#### [What to do]
Omit all pictures and transcribe only the lines in the entries below that run from the line with "Outdoor patio Furniture" through the line with "Tech Protect Nylon".

#### [Information]

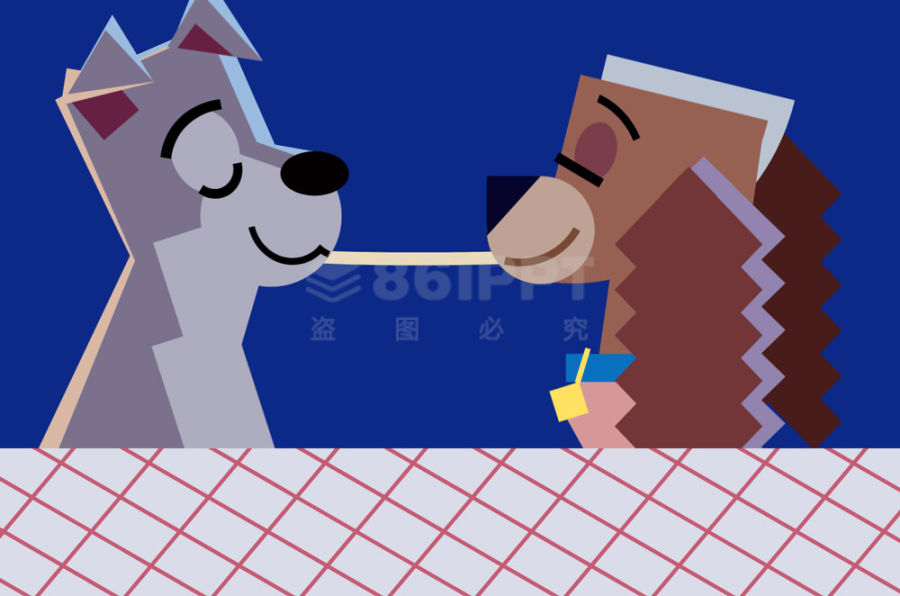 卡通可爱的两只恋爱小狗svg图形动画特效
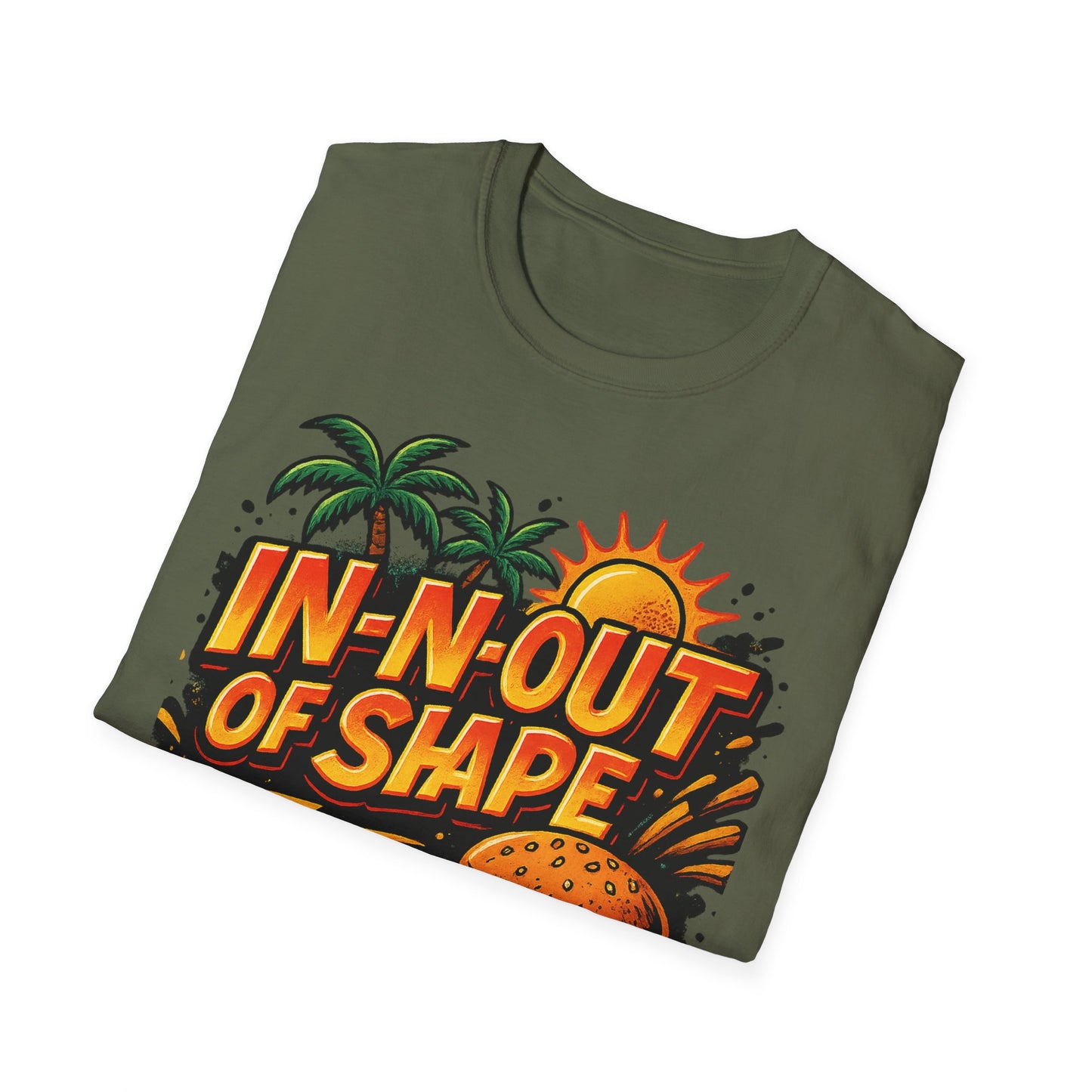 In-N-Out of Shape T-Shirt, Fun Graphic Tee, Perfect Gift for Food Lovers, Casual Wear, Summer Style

---

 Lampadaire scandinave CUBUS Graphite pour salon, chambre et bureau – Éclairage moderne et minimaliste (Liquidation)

--

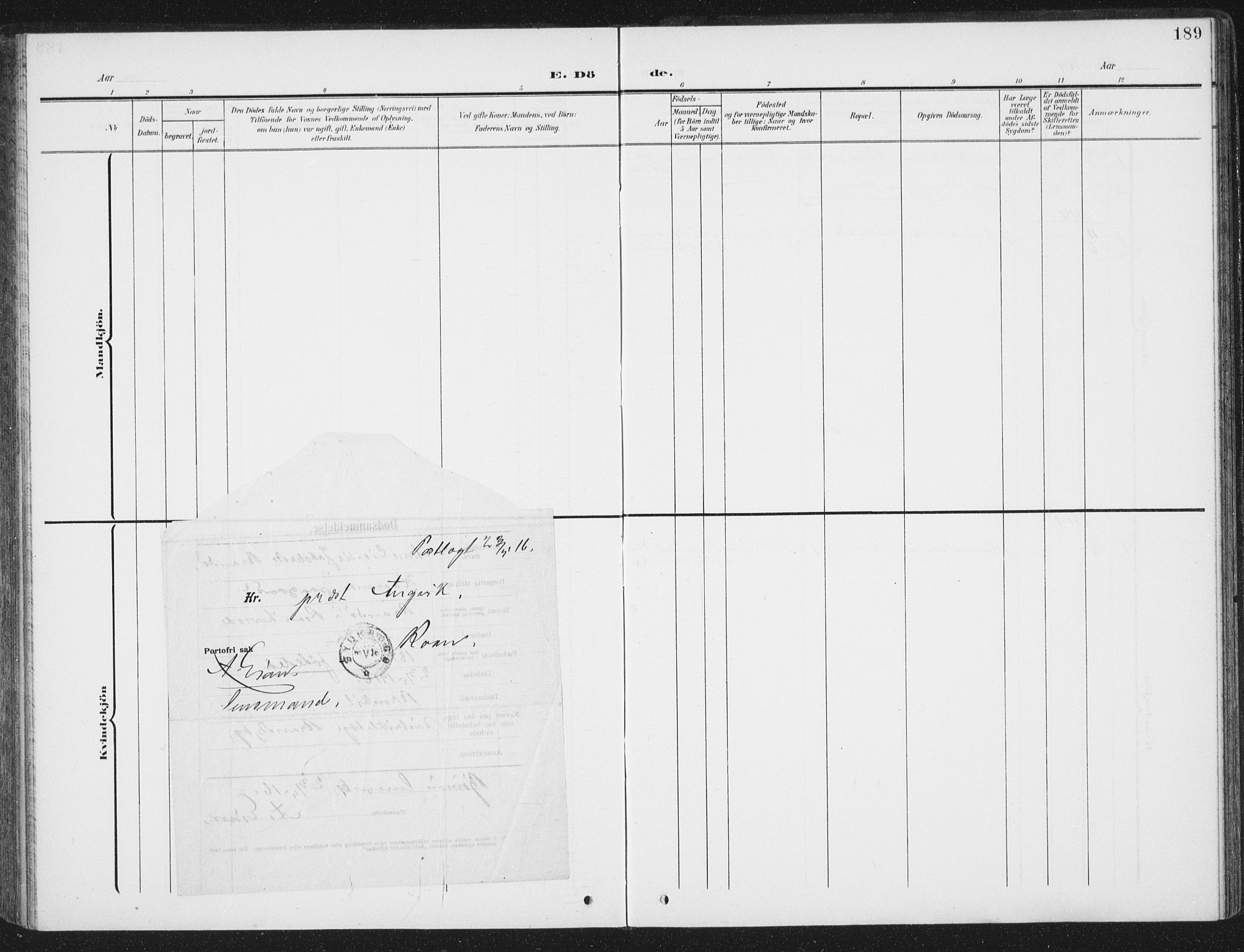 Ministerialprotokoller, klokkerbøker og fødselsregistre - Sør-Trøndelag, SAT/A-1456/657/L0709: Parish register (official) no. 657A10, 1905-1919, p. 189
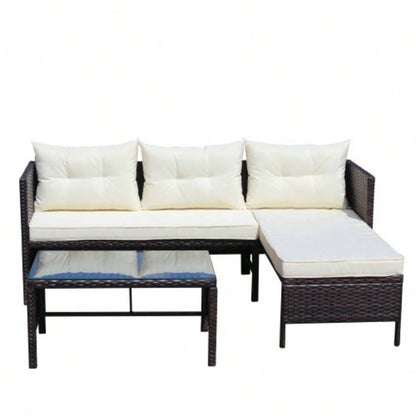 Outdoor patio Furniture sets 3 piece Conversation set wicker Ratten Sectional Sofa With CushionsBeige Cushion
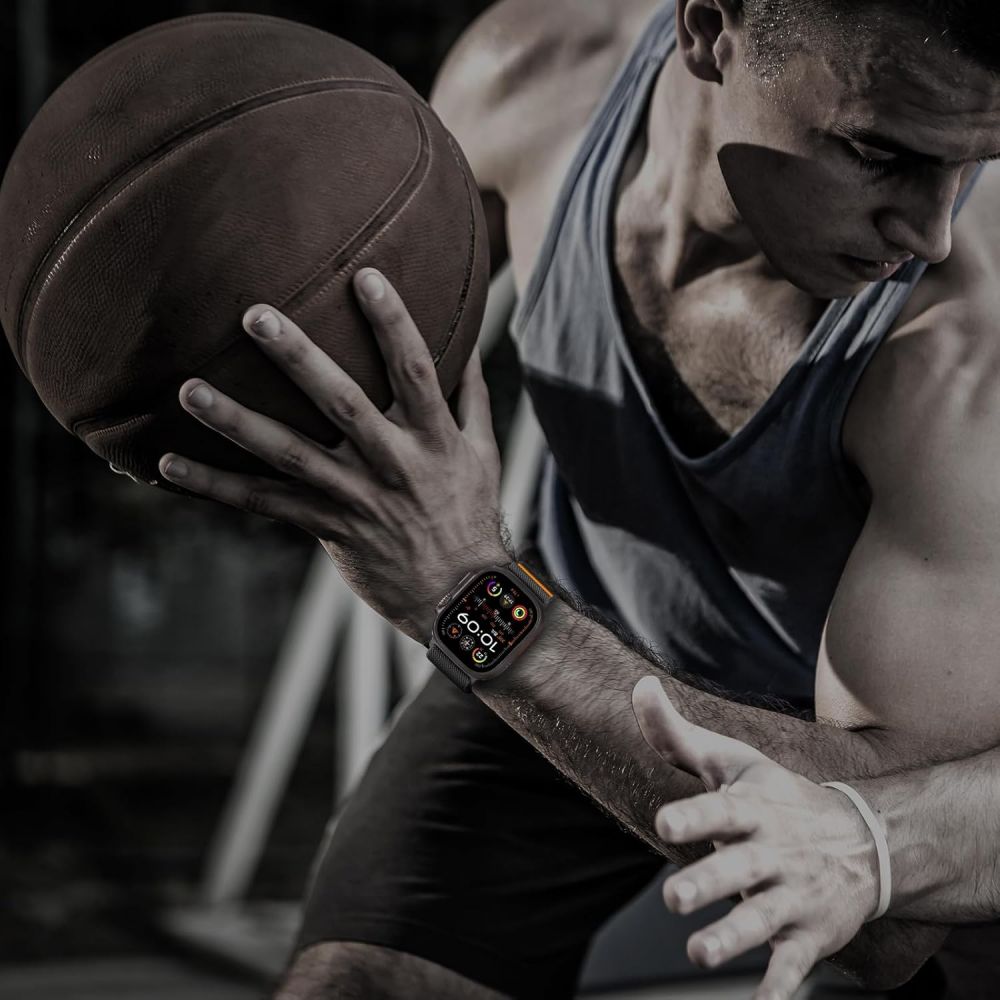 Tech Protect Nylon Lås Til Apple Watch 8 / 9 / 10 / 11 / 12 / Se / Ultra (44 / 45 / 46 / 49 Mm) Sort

#### [Written response]
 Outdoor patio Furniture sets 3 piece Conversation set wicker Ratten Sectional Sofa With CushionsBeige Cushion
 Tech Protect Nylon Lås Til Apple Watch 8 / 9 / 10 / 11 / 12 / Se / Ultra (44 / 45 / 46 / 49 Mm) Sort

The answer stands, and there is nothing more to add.